- What the task requires
Only the lines of the listing below that run from the line with "Peach Jaal Khaddi" through the line with "Assassin's Creed Black" are to be set down, word for word. Pictures stay out.

::: Data shown :::

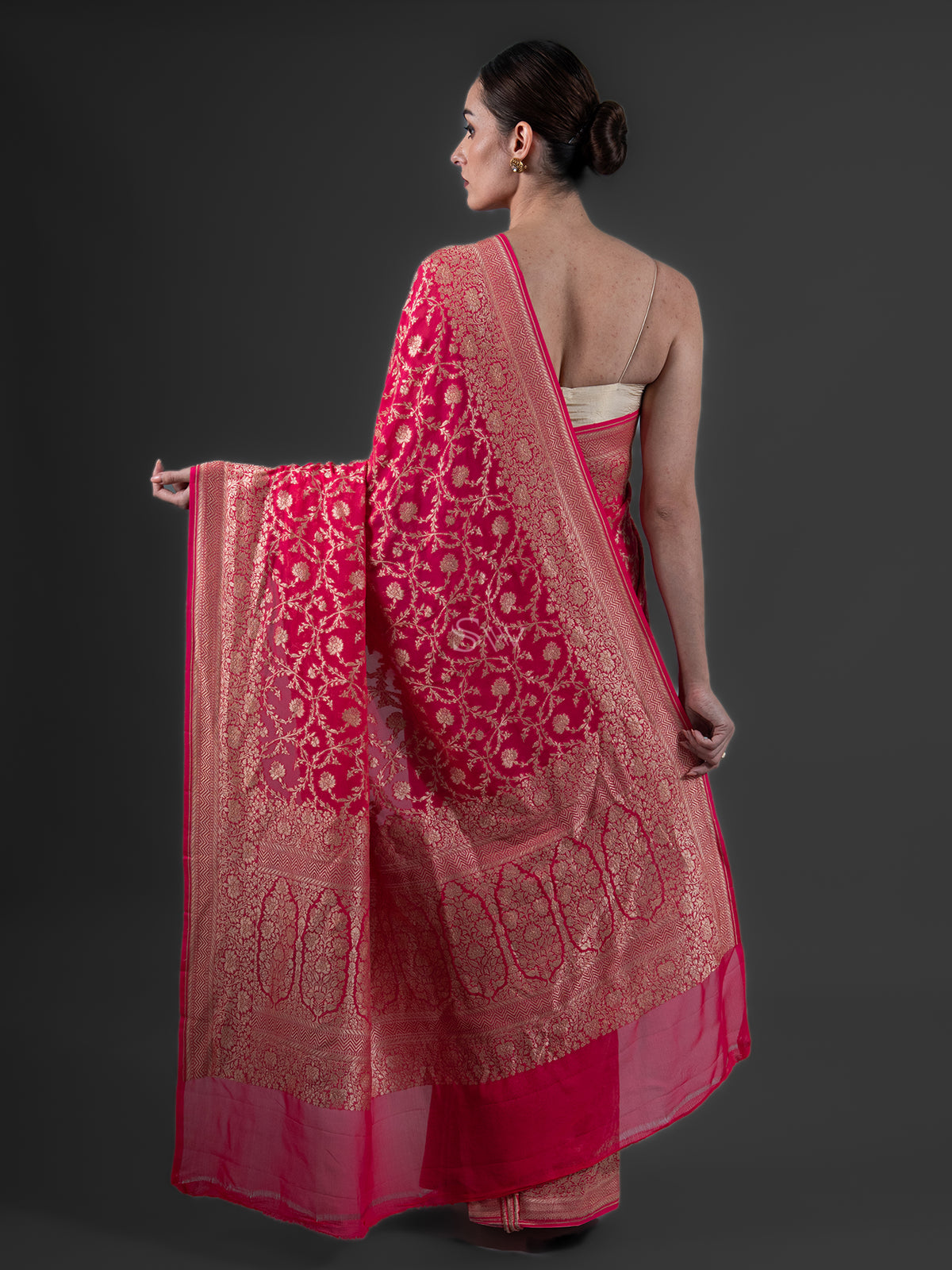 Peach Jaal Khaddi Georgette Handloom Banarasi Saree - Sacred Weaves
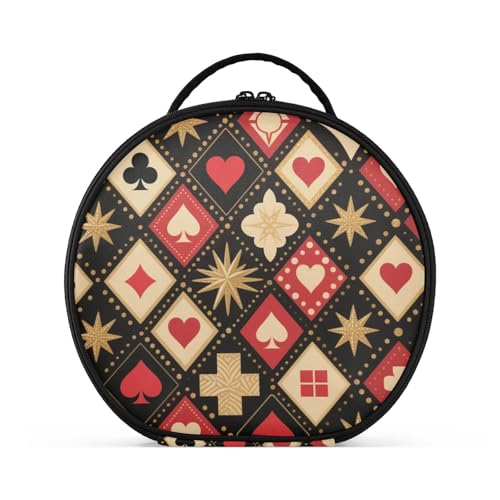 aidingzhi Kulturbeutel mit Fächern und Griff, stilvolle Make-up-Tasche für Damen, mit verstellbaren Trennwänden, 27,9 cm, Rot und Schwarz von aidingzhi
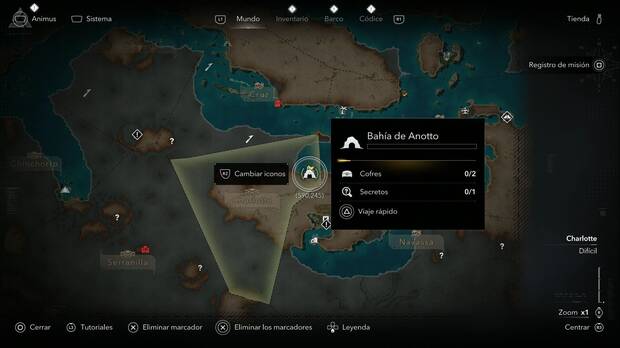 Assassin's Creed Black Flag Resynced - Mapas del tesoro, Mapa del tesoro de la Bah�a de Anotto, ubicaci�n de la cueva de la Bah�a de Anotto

:::
::: Data shown :::

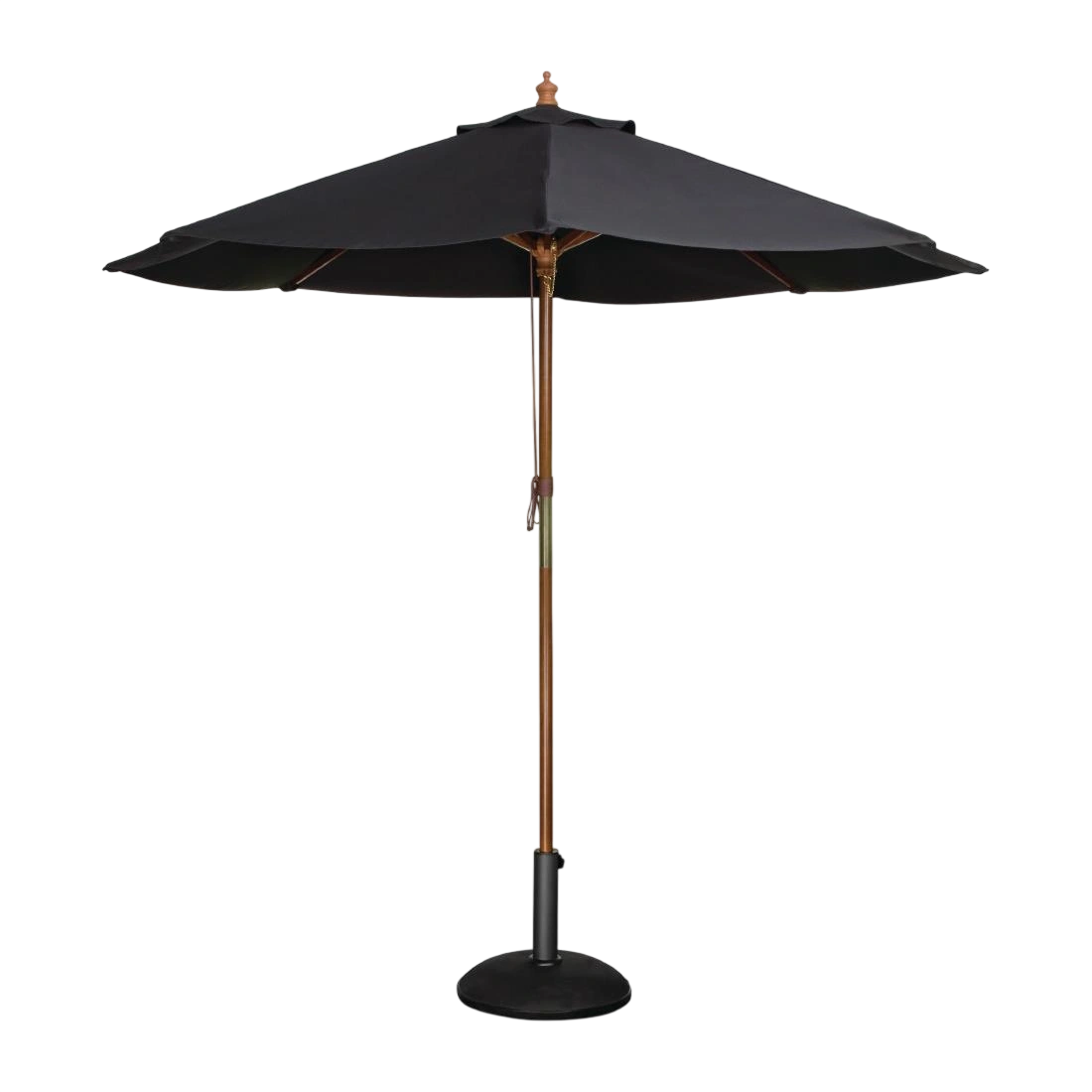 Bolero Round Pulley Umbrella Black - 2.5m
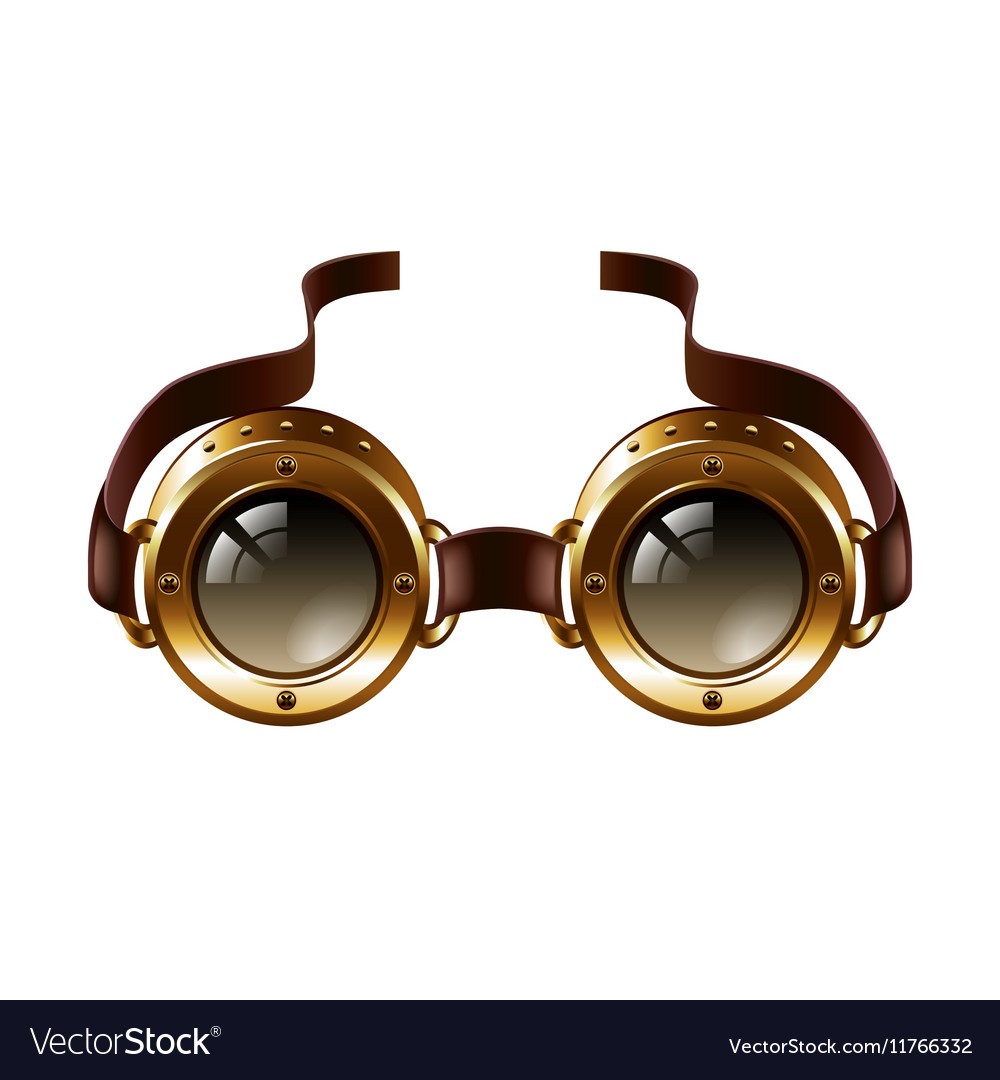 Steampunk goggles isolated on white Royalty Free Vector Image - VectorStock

:::

- The answer
 Peach Jaal Khaddi Georgette Handloom Banarasi Saree - Sacred Weaves
 aidingzhi Kulturbeutel mit Fächern und Griff, stilvolle Make-up-Tasche für Damen, mit verstellbaren Trennwänden, 27,9 cm, Rot und Schwarz von aidingzhi
 Assassin's Creed Black Flag Resynced - Mapas del tesoro, Mapa del tesoro de la Bah�a de Anotto, ubicaci�n de la cueva de la Bah�a de Anotto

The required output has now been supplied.